Wikipedia Clickstream - Getting Started

This post gives an introduction to working with the new February release of the Wikipedia Clickstream dataset. The data shows how people get to a Wikipedia article and what articles they click on next. In other words, it gives a weighted network of articles, where each edge weight corresponds to how often people navigate from one page to another. To give an example, consider the figure below, which shows incoming and outgoing traffic to the “London” article.

_config.yml

The example shows that most people found the “London” page through Google Search and that only a small fraction of readers went on to another article. Before diving into some examples of working with the data, let me give a more detailed explanation of how the data was collected.

Data Preparation

The data contains counts of (referer, resource) pairs extracted from the request logs of English Wikipedia.

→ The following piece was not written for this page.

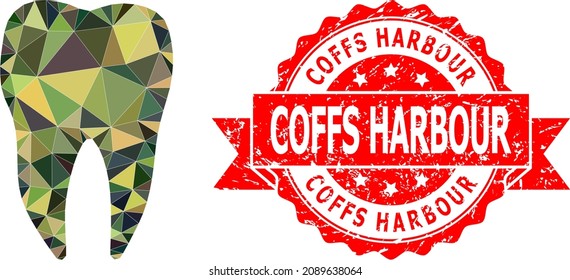 Low-Poly polygonal dental tooth military camouflage 2d illustration, and Coffs Harbour grunge seal imitation. Red stamp seal contains Coffs Harbour caption inside ribbon.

When a client requests a resource by following a link or performing a search, the URI of the webpage that linked to the resource is included with the request in an HTTP header called the “referer”. This data captures 22 million (referer, resource) pairs from a total of 3.2 billion requests collected during the month of February 2015.

The dataset only includes requests for articles in the main namespace of the desktop version of English Wikipedia.

Referers were mapped to a fixed set of values corresponding to internal traffic or external traffic from one of the top 5 global traffic sources to English Wikipedia, based on this scheme:

an article in the main namespace of English Wikipedia -> the article title
any Wikipedia page that is not in the main namespace of English Wikipedia -> other-wikipedia
an empty referer -> other-empty
a page from any other Wikimedia project -> other-internal
Google -> other-google
Yahoo -> other-yahoo
Bing -> other-bing
Facebook -> other-facebook
Twitter -> other-twitter
anything else -> other-other

MediaWiki Redirects are used to forward clients from one page name to another. They can be useful if a particular article is referred to by multiple names, or has alternative punctuation, capitalization or spellings. Requests for pages that get redirected were mapped to the page they redirect to. For example, requests for ‘Obama’ redirect to the ‘Barack_Obama’ page. Redirects were resolved using a snapshot of the production redirects table from February 28 2015.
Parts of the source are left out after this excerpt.